Thursday, March 9th, 2006
Dr. Roger
Penrose

Oxford University

Roger Penrose is Emeritus Rouse Ball Professor of Mathematics at Oxford University. He has received a number of prizes and awards, including the 1988 Wolf Prize for physics, which he shared with Stephen Hawking for their joint contribution to our understanding of the universe. His books include The Emperor’s New Mind, Shadows of the Mind, and The Nature of Space and Time, which he wrote with Hawking. He has lectured extensively at universities throughout America.

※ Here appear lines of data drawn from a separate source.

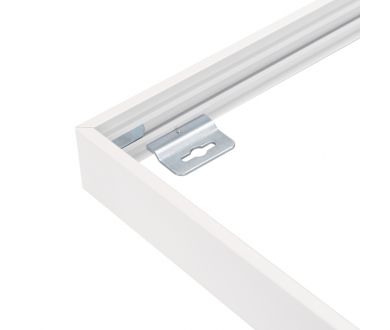 Рамка для накладной установки панелей Arlight SX3060 White 027829
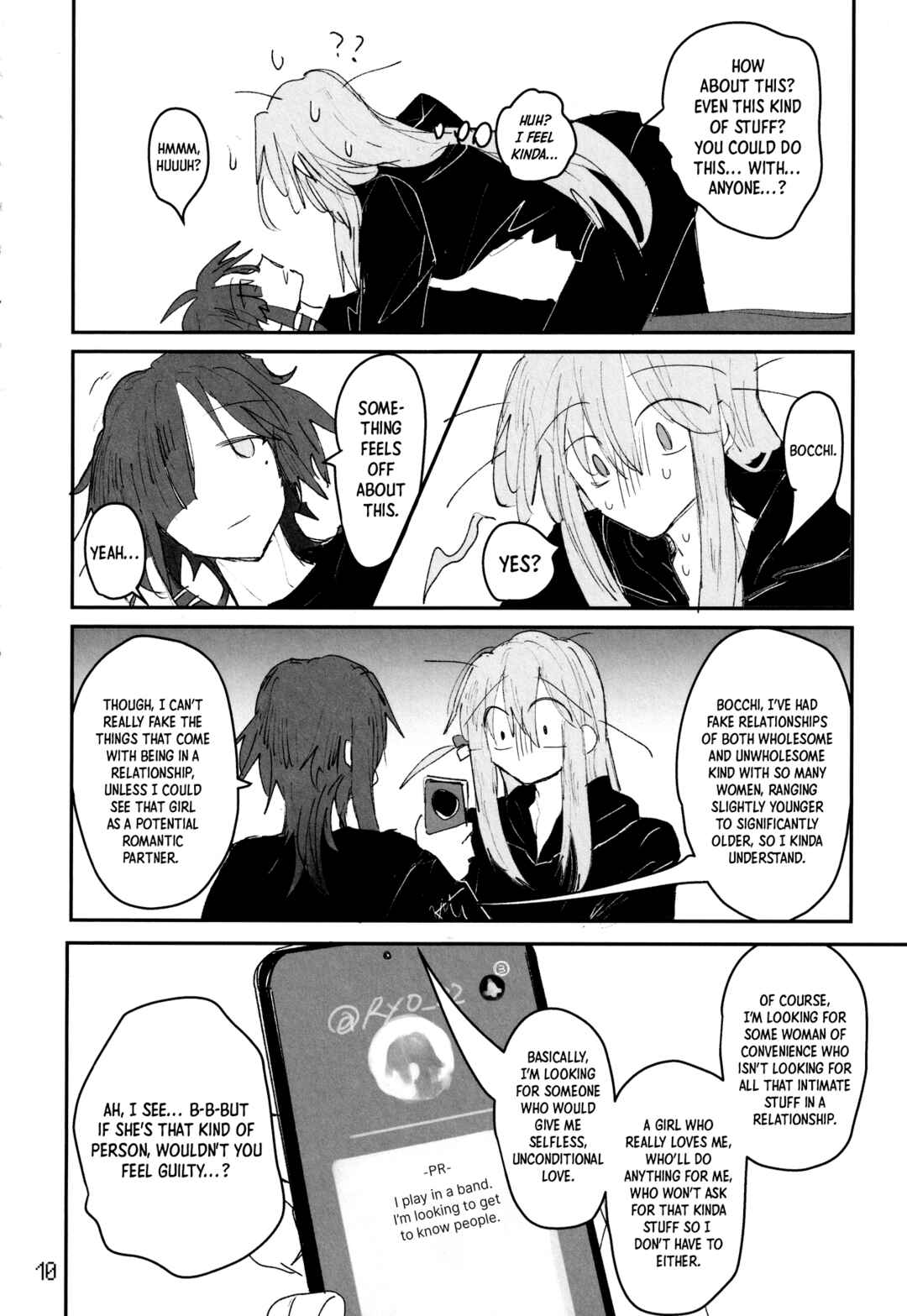 Bocchi the Rock! - Broke Quest (Doujinshi) Chapter ? - Page 11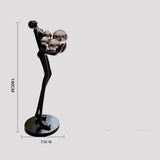 Humanoid Art Sculpture Floor Lamps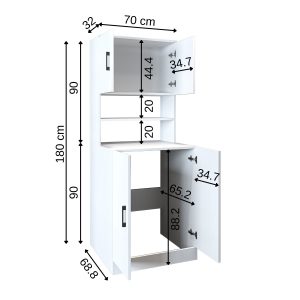 RoomArt-1015.11-çamaşır-makinesi-dolabı-beyaz-3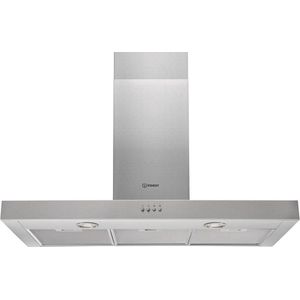 Indesit IHBS 9.4 LM X - Inbouw afzuigkap Zilver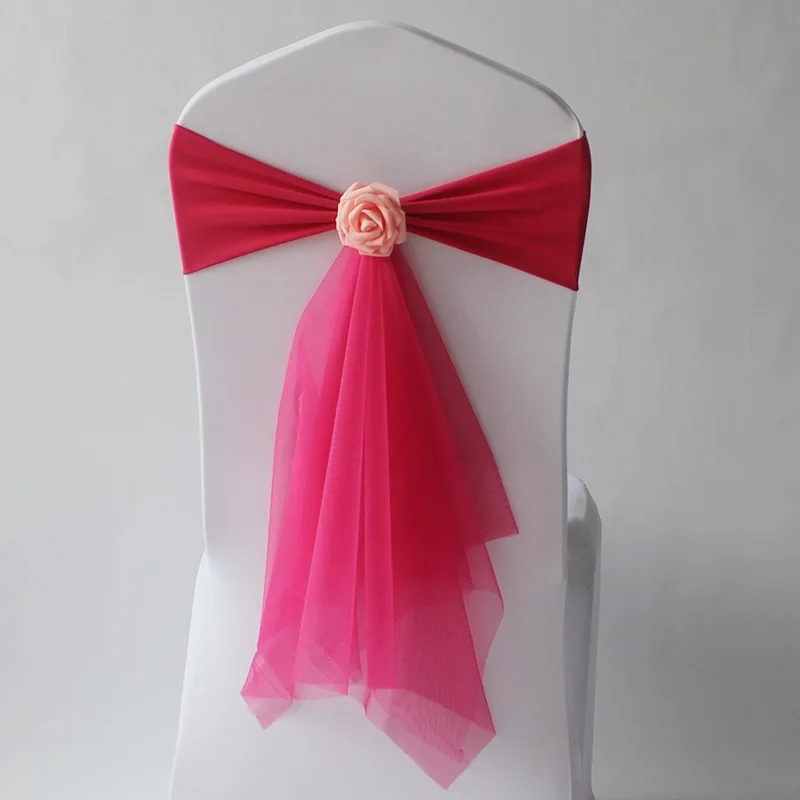 Dekoracja ślubna, spandexowa s – Chair Sash Organza recenzja i cena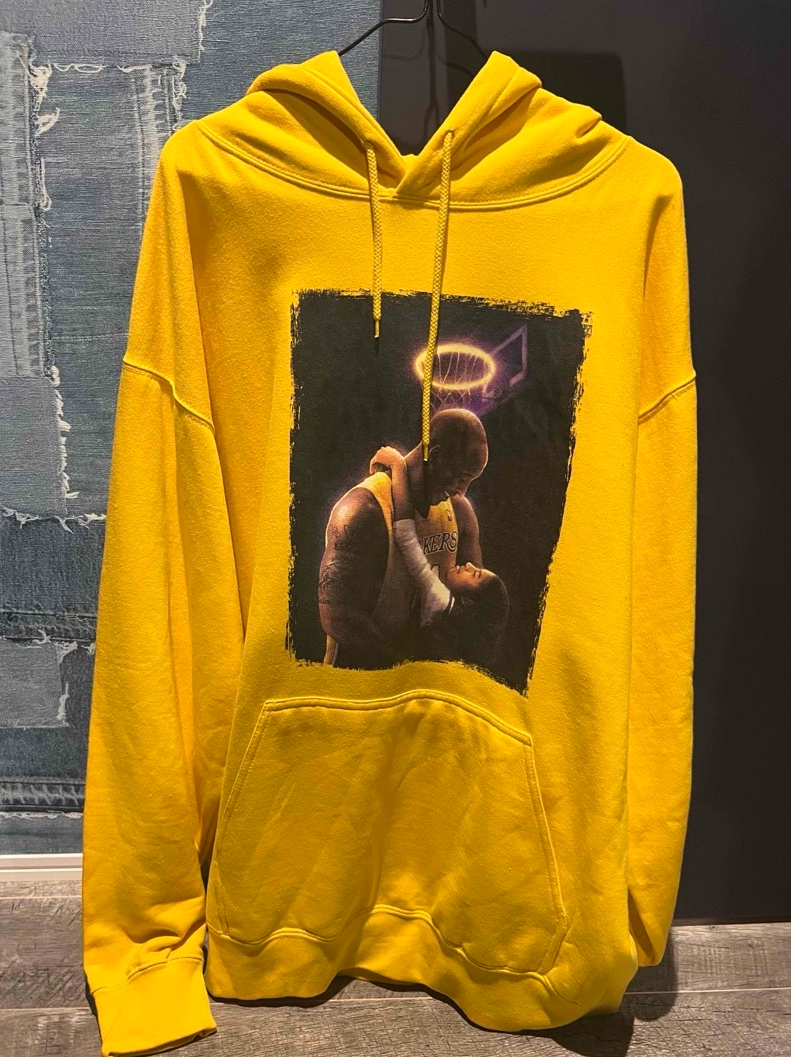 激レア!KOBE/コービー/Gianna/ジアナ/パーカー/プルオーバー/フーディー/XL/Los Angeles/ロサンゼルス/LAKERS/レイカーズ/LOWRIDER/ローライダー/西海岸/ストリート/STREET/アメカジ/NBA/バスケ/USA/LA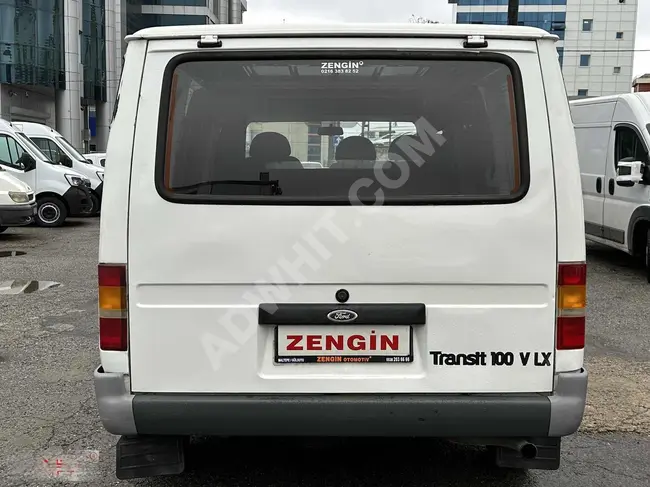 ▌ZENGİN'den ▌DÜŞÜK KM 2001 FORD TRANSIT 100 V LX PANEL VAN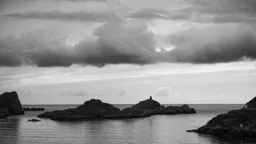 A Tiny Island With a Tiny Flag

He lives in Oxford.
Sir Roger Penrose gives us an overall narrative description of our present understanding of the universe and its physical behaviors–from the unseeable, minuscule movement of the subatomic particle to the journeys of the planets and the stars in the vastness of time and space.

Second, he evokes the extraordinary beauty that lies in the mysterious and profound relationships between these physical behaviors and the subtle mathematical ideas that explain and interpret them.

Third, Penrose comes to the arresting conclusion–as he explores the compatibility of the two grand classic theories of modern physics–that Einstein’s general theory of relativity stands firm while quantum theory, as presently constituted, still needs refashioning.

Penrose covers a wealth of issues, controversies, and phenomena; about the roles of various kinds of numbers in physics, ideas of calculus and modern geometry, visions of infinity, the big bang, black holes, the profound challenge of the second law of thermodynamics, string and M theory, loop quantum gravity, twistors, and educated guesses about science in the near future.